Experimental study of the shear behavior of concrete-rock interfaces under static and dynamic loading in the context of low confinement stress

Abstract

Modified static and dynamic shear tests are introduced to study the shear behavior of concrete-rock interfaces under static and dynamic loading in the context of low confinement stresses. Static and dynamic shear tests of concrete-sandstone and concrete-granite interfaces are performed using these techniques. Three levels of interface roughness are considered: smooth, bush-hammered, and rough rock surfaces. The results of these tests show that in both static and dynamic regimes, the shear evolution of concrete-rock interfaces can be described according to three successive stages: the shear stress accumulation, the shear slip, and the residual shear stress stage. The main parameters driving the shear process are the concrete-rock bonds, the interface roughness, and the residual friction.

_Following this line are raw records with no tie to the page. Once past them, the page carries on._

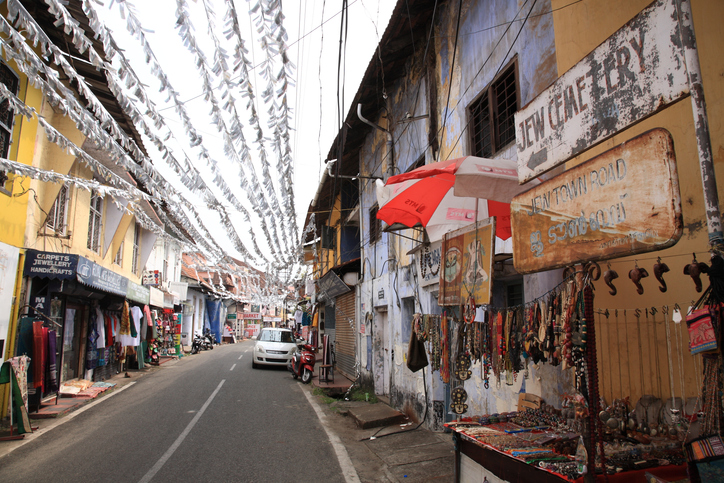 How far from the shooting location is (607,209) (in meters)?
2.68

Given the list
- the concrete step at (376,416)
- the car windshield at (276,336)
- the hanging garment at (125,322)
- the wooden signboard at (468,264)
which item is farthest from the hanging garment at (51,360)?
the car windshield at (276,336)

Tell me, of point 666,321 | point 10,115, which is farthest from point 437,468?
point 10,115

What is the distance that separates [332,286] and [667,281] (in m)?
13.1

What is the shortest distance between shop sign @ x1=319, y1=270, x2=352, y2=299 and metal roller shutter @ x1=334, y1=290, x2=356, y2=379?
1.76ft

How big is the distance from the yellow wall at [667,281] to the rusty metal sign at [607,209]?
3.47 feet

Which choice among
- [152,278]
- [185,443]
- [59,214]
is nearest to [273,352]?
[152,278]

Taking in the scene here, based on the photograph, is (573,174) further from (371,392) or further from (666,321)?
(371,392)

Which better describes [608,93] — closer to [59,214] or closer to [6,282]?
[6,282]

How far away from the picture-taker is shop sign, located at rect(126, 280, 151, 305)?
1523 centimetres

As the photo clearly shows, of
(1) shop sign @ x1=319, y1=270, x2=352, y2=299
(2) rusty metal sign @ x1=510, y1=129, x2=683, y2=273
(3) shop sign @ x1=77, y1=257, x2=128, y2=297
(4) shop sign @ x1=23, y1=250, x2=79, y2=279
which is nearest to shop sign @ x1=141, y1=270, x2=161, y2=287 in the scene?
(3) shop sign @ x1=77, y1=257, x2=128, y2=297

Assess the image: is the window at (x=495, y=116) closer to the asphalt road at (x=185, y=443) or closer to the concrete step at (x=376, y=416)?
the asphalt road at (x=185, y=443)

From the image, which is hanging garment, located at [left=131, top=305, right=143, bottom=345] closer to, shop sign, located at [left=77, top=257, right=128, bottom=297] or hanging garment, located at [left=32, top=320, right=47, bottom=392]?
shop sign, located at [left=77, top=257, right=128, bottom=297]

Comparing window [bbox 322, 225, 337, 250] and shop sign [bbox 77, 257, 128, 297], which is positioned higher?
window [bbox 322, 225, 337, 250]

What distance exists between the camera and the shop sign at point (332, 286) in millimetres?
14797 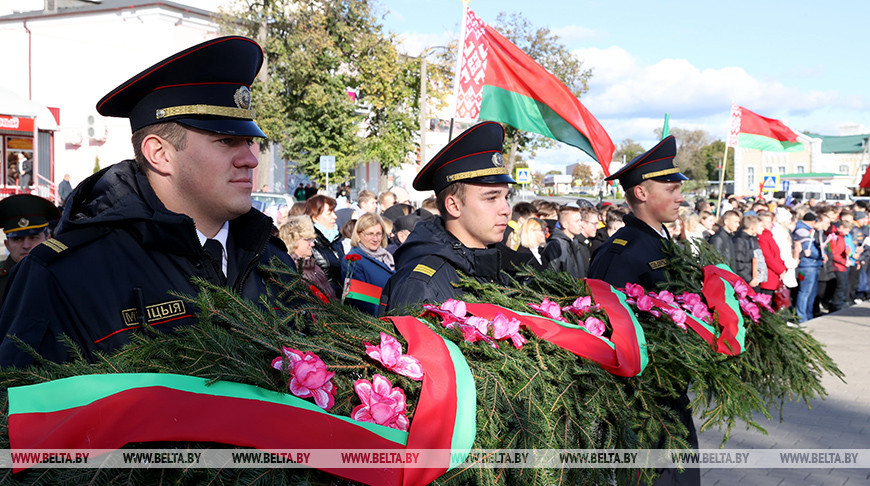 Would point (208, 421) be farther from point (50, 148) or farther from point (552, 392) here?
point (50, 148)

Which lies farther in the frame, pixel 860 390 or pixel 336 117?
pixel 336 117

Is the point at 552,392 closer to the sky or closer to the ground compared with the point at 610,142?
closer to the ground

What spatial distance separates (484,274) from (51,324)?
69.9 inches

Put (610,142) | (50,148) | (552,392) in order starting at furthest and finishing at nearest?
(50,148), (610,142), (552,392)

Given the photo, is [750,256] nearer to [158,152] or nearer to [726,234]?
[726,234]

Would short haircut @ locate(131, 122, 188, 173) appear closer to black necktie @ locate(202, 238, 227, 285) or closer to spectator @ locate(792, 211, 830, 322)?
black necktie @ locate(202, 238, 227, 285)

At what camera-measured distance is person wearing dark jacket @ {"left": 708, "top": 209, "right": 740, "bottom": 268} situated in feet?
33.1

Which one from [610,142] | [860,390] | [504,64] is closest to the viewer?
[610,142]

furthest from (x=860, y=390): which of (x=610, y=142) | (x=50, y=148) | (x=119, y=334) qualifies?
(x=50, y=148)

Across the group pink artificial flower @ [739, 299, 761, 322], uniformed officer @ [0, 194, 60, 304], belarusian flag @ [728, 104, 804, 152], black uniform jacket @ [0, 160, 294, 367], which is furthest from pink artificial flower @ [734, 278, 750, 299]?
belarusian flag @ [728, 104, 804, 152]

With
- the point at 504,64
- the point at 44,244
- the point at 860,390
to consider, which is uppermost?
the point at 504,64

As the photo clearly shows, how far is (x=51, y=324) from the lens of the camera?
6.20ft

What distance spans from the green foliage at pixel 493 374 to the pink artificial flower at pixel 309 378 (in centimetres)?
3

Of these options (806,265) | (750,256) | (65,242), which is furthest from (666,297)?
(806,265) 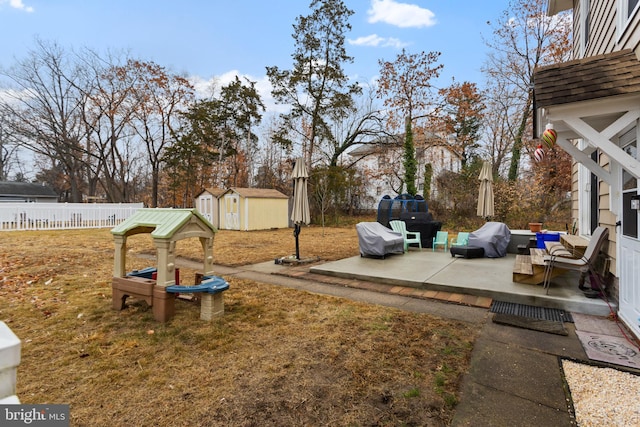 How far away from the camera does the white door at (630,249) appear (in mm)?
2977

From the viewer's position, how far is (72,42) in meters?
20.0

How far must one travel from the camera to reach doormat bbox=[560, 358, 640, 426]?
6.25 feet

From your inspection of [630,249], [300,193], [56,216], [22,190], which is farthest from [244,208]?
[22,190]

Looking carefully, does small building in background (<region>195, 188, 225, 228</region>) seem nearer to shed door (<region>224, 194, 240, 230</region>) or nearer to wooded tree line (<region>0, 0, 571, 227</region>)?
shed door (<region>224, 194, 240, 230</region>)

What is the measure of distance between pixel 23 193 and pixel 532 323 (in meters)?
37.3

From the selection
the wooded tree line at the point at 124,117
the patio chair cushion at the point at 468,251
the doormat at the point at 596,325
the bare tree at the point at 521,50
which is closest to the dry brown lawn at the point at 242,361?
the doormat at the point at 596,325

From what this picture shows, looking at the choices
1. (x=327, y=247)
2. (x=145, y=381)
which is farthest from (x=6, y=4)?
(x=145, y=381)

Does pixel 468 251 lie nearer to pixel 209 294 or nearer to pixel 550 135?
pixel 550 135

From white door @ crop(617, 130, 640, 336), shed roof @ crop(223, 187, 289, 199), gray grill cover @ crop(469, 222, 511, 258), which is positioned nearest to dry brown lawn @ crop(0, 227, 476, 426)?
white door @ crop(617, 130, 640, 336)

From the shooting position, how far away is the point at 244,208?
16.2m

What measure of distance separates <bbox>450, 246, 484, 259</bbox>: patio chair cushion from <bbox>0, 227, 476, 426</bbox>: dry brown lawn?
391 centimetres

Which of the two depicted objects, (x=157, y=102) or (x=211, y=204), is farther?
(x=157, y=102)

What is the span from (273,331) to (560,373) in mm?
2561

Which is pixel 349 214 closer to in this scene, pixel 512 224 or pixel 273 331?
pixel 512 224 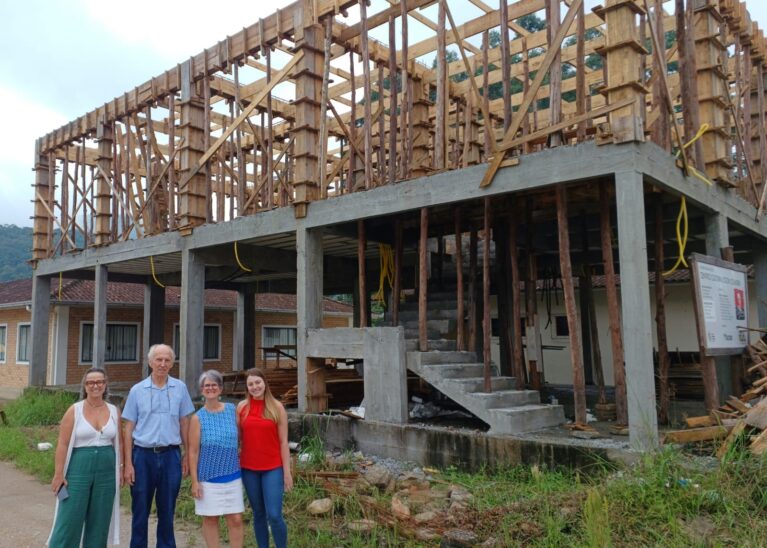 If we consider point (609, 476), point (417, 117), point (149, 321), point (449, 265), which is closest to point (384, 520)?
point (609, 476)

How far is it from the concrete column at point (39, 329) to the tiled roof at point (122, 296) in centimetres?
89

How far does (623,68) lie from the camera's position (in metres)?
6.76

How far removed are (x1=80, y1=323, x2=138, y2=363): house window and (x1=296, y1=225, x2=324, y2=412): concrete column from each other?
12234 millimetres

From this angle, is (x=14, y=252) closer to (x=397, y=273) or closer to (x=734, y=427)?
(x=397, y=273)

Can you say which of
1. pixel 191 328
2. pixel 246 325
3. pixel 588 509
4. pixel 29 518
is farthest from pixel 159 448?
pixel 246 325

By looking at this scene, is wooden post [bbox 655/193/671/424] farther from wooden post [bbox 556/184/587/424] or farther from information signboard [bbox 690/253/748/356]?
wooden post [bbox 556/184/587/424]

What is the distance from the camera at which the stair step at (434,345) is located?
8.73 metres

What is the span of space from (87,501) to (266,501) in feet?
4.03

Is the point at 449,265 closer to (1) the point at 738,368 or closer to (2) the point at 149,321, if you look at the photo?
(1) the point at 738,368

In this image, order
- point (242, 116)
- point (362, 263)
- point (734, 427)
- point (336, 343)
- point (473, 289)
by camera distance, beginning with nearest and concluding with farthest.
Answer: point (734, 427) → point (336, 343) → point (362, 263) → point (473, 289) → point (242, 116)

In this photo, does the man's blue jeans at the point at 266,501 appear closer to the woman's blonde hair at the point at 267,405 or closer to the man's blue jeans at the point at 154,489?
the woman's blonde hair at the point at 267,405

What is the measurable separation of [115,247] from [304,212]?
6081mm

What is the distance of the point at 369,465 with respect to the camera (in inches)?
308

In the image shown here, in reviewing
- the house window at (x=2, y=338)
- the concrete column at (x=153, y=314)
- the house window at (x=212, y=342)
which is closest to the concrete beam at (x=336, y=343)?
the concrete column at (x=153, y=314) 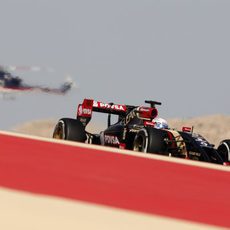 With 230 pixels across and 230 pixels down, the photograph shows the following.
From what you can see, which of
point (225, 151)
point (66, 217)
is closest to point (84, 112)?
point (225, 151)

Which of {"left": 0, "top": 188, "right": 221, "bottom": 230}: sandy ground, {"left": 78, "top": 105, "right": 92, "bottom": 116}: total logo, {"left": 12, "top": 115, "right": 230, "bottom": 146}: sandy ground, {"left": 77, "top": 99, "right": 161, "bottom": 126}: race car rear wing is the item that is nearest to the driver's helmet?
{"left": 77, "top": 99, "right": 161, "bottom": 126}: race car rear wing

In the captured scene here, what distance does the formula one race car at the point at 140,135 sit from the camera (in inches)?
498

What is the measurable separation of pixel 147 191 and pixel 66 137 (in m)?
7.59

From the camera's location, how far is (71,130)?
1432 cm

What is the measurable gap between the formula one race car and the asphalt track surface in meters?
3.36

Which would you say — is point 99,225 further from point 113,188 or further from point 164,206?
point 113,188

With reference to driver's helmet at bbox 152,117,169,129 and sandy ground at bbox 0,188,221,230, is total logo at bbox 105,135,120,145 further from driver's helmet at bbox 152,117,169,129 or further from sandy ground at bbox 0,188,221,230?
sandy ground at bbox 0,188,221,230

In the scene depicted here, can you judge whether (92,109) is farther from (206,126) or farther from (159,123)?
(206,126)

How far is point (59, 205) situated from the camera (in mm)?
5965

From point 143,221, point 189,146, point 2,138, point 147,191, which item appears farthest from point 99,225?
point 189,146

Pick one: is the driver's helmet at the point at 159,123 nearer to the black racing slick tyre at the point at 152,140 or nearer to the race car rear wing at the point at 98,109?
the race car rear wing at the point at 98,109

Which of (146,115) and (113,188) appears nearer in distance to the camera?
(113,188)

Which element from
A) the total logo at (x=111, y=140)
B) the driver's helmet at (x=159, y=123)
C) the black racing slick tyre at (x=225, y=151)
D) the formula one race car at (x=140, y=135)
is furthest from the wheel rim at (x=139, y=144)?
the black racing slick tyre at (x=225, y=151)

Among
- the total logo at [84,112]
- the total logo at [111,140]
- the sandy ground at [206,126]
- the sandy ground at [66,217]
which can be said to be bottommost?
the sandy ground at [66,217] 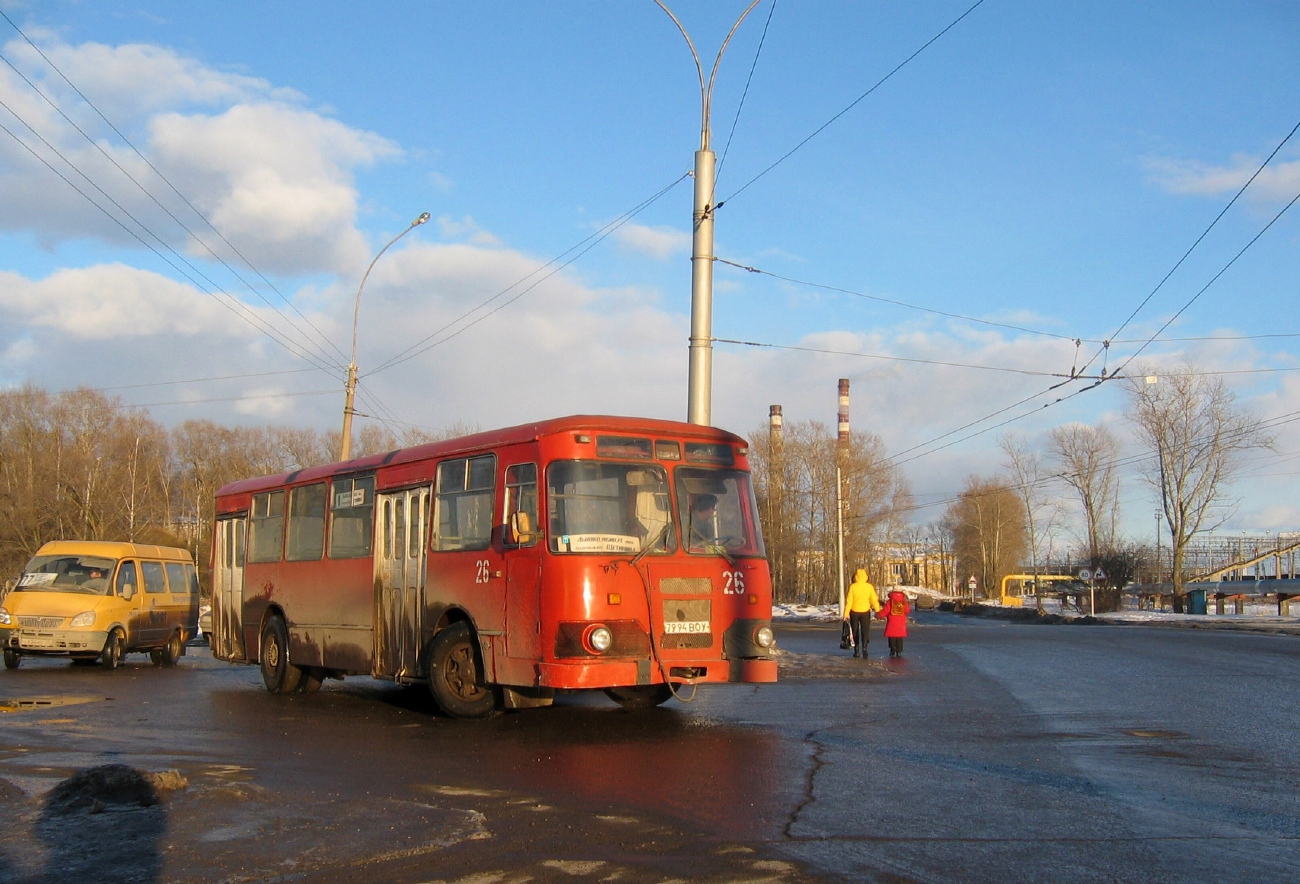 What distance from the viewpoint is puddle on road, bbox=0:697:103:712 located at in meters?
12.8

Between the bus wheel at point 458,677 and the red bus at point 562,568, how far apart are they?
0.8 inches

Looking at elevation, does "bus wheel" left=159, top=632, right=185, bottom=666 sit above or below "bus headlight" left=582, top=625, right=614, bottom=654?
below

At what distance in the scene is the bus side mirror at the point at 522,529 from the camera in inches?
428

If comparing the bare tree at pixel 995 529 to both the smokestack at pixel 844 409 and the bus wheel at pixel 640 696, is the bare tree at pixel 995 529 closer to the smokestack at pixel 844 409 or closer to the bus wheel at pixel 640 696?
the smokestack at pixel 844 409

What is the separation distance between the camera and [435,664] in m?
12.0

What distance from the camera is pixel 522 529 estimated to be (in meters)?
10.9

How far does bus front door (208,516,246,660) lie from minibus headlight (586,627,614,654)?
8420mm

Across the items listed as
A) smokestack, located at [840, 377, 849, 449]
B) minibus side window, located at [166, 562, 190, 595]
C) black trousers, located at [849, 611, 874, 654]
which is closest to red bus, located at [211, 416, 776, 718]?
minibus side window, located at [166, 562, 190, 595]

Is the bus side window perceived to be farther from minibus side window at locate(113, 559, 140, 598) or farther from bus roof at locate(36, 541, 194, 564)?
bus roof at locate(36, 541, 194, 564)

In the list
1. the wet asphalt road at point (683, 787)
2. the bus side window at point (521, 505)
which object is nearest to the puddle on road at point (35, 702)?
the wet asphalt road at point (683, 787)

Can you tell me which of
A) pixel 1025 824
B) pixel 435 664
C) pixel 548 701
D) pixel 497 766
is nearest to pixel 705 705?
pixel 548 701

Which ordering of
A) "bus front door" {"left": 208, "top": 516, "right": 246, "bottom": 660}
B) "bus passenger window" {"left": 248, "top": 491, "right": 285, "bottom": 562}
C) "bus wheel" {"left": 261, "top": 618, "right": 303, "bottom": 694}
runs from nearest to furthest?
1. "bus wheel" {"left": 261, "top": 618, "right": 303, "bottom": 694}
2. "bus passenger window" {"left": 248, "top": 491, "right": 285, "bottom": 562}
3. "bus front door" {"left": 208, "top": 516, "right": 246, "bottom": 660}

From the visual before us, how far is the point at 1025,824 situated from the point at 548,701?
241 inches

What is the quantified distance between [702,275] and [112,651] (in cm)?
1148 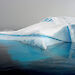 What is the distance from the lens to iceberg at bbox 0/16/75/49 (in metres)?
0.78

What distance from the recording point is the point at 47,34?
0.82 m

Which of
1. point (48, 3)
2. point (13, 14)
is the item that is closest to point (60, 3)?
point (48, 3)

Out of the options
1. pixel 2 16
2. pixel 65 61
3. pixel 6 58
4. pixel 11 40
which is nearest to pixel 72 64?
pixel 65 61

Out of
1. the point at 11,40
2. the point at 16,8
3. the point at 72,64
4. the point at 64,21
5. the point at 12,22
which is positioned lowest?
the point at 72,64

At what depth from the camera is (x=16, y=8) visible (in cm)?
234

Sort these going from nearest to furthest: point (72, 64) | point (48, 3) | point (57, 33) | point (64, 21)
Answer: point (72, 64) < point (57, 33) < point (64, 21) < point (48, 3)

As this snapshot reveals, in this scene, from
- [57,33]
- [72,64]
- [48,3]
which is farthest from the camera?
[48,3]

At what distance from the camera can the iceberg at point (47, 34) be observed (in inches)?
30.8

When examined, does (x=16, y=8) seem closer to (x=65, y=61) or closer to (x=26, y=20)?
(x=26, y=20)

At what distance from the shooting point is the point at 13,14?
237 centimetres

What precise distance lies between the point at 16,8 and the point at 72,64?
1.98 metres

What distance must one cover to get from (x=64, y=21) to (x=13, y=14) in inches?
60.0

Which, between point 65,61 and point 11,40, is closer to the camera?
point 65,61

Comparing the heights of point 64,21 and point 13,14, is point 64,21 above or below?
below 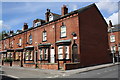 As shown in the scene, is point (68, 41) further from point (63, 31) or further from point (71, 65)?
point (71, 65)

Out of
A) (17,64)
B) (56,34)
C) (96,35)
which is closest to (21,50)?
(17,64)

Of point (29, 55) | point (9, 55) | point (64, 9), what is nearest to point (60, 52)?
point (64, 9)

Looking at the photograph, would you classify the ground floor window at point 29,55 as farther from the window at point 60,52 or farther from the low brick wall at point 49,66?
the window at point 60,52

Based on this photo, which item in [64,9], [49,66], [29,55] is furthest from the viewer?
[29,55]

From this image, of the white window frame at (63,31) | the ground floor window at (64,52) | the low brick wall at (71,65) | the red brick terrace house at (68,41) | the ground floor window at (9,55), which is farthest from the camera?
the ground floor window at (9,55)

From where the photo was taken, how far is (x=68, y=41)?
20.5 m

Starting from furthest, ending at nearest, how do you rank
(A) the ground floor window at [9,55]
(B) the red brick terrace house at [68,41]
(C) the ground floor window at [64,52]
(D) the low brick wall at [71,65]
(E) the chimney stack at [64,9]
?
1. (A) the ground floor window at [9,55]
2. (E) the chimney stack at [64,9]
3. (C) the ground floor window at [64,52]
4. (B) the red brick terrace house at [68,41]
5. (D) the low brick wall at [71,65]

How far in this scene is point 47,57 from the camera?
23.8 meters

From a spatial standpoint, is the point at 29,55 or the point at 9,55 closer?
the point at 29,55

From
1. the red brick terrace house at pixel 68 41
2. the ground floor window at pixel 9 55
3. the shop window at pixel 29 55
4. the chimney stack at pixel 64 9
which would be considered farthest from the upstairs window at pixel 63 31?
the ground floor window at pixel 9 55

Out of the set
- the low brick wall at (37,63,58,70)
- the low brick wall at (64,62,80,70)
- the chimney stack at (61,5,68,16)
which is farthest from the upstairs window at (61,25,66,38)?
the low brick wall at (64,62,80,70)

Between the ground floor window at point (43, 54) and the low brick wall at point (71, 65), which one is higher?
the ground floor window at point (43, 54)

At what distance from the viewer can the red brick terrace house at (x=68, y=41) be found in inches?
785

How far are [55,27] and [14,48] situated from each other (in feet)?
53.2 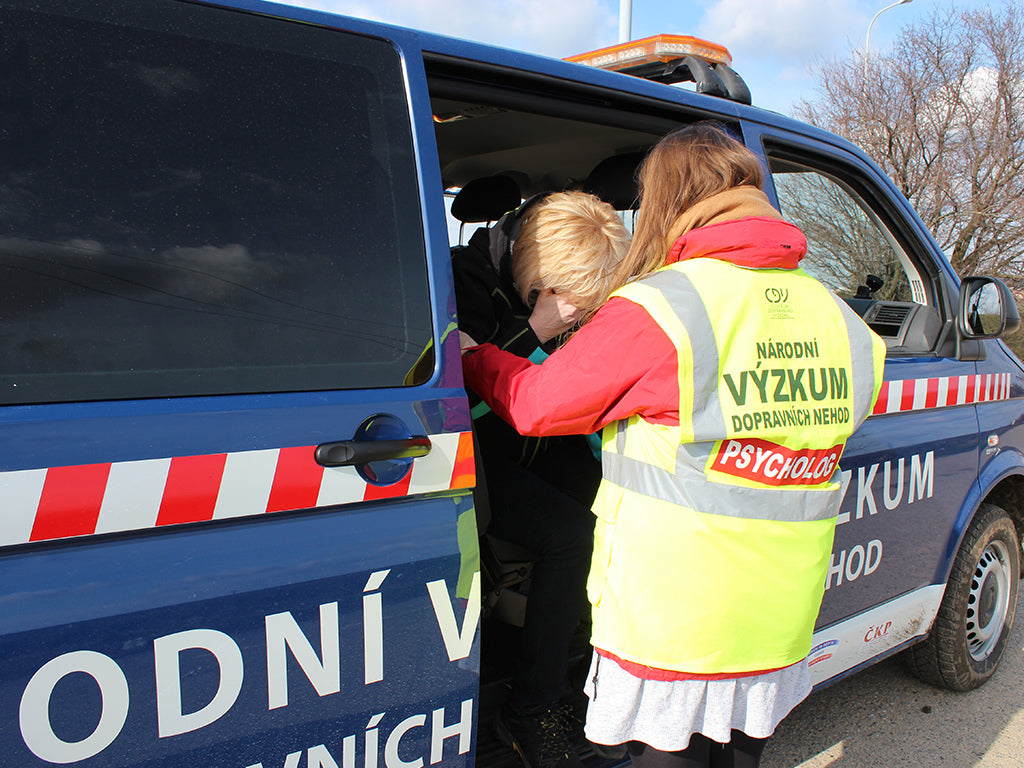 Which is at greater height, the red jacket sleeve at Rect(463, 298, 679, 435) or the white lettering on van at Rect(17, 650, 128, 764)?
the red jacket sleeve at Rect(463, 298, 679, 435)

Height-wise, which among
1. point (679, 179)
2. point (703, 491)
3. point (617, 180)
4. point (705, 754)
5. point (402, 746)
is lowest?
point (705, 754)

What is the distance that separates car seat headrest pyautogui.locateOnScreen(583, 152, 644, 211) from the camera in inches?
109

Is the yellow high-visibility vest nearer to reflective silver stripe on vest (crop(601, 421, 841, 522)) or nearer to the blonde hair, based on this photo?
reflective silver stripe on vest (crop(601, 421, 841, 522))

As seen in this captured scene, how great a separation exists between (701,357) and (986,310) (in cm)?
196

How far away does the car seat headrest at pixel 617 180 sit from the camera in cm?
277

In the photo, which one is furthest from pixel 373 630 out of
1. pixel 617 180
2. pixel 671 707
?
pixel 617 180

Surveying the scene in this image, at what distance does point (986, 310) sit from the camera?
270 cm

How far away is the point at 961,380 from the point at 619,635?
1827mm

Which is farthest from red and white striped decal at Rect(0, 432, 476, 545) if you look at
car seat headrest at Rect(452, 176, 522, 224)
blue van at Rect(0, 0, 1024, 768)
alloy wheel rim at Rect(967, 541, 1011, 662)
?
alloy wheel rim at Rect(967, 541, 1011, 662)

However, unlike in the static shear evolution, in the dynamic shear evolution, the concrete-rock bonds and the roughness seem active in the shear stress accumulation stage. Furthermore, the correlation between the shear strength and the normal stress is stronger in static than dynamic conditions. The significance of the normal stress on the dynamic shear strength appears more important in rough concrete-granite interfaces than in the other two interfaces. Lastly, the dynamic peak shear strengths of all the interfaces tested are three to four times higher than their static counterparts.